Task directions →
Would you print the records below from the first line through the line containing "NWOT Charter Club", skipping the pictures?

Records from a dataset:
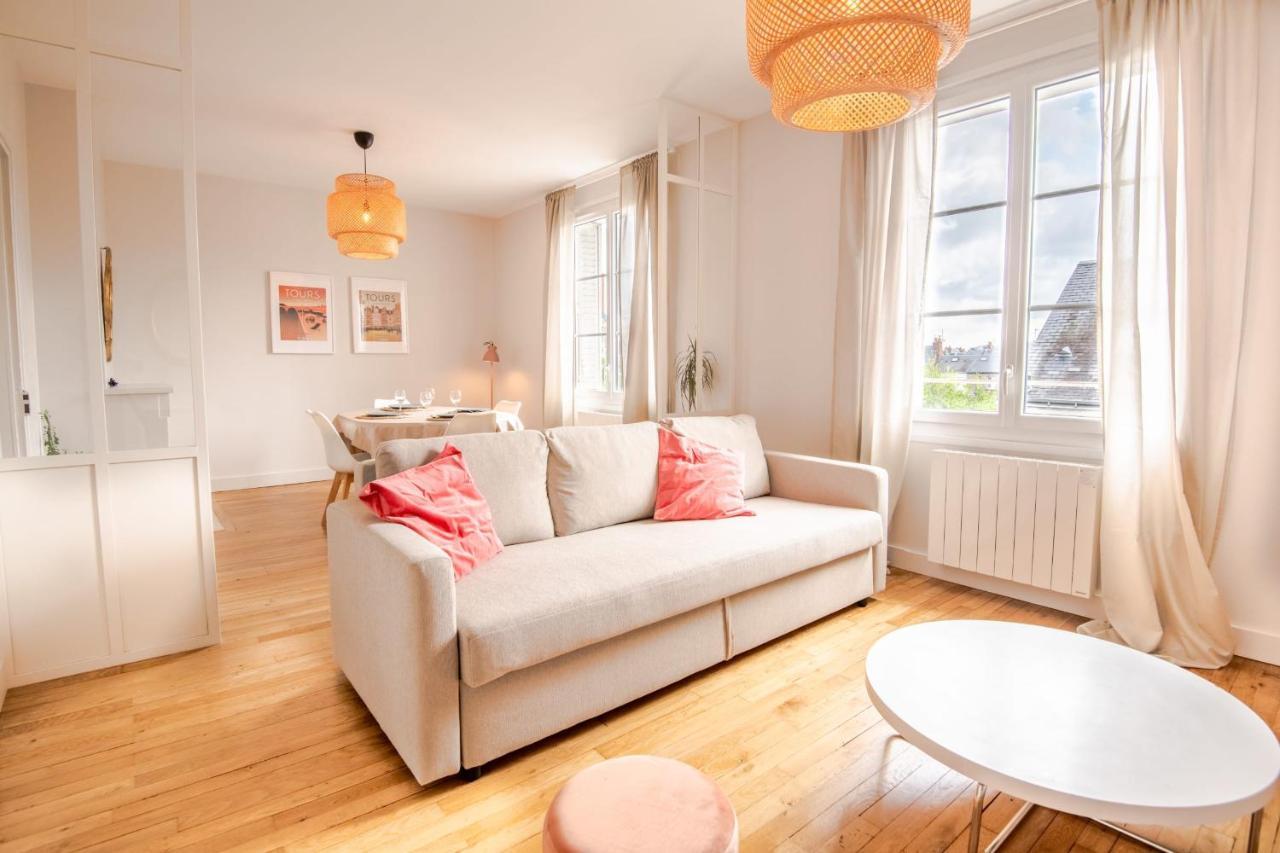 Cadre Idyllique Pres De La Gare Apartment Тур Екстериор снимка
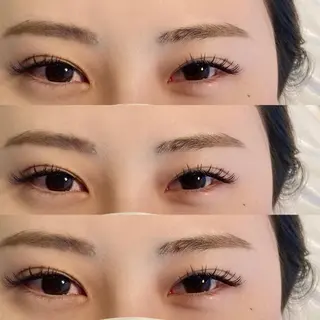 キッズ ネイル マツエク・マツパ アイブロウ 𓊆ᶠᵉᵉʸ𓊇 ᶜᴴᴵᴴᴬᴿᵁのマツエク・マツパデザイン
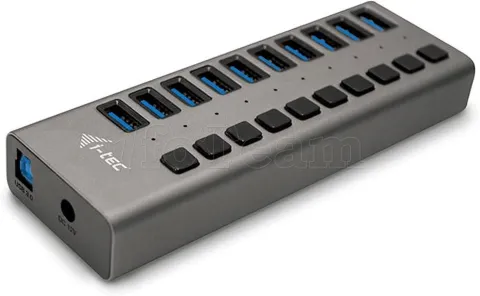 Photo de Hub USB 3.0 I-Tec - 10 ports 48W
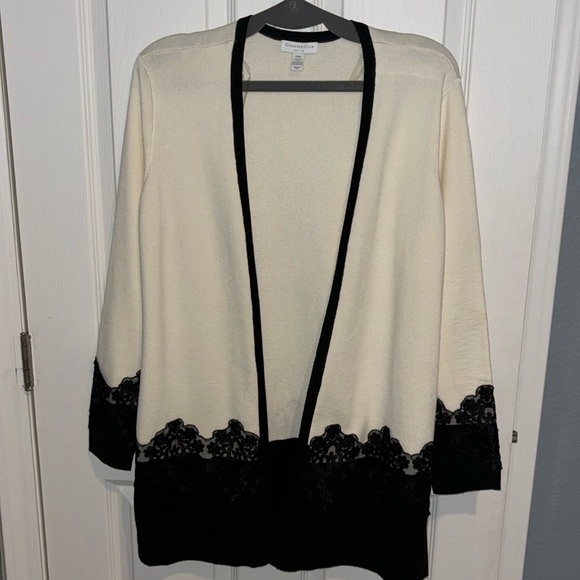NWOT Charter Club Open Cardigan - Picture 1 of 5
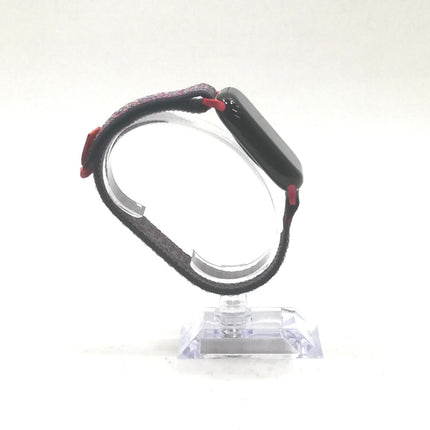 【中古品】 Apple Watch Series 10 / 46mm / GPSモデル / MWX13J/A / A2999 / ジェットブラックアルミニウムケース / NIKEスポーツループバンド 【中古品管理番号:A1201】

Response area →
 Cadre Idyllique Pres De La Gare Apartment Тур Екстериор снимка
 キッズ ネイル マツエク・マツパ アイブロウ 𓊆ᶠᵉᵉʸ𓊇 ᶜᴴᴵᴴᴬᴿᵁのマツエク・マツパデザイン
 Photo de Hub USB 3.0 I-Tec - 10 ports 48W
NWOT Charter Club Open Cardigan - Picture 1 of 5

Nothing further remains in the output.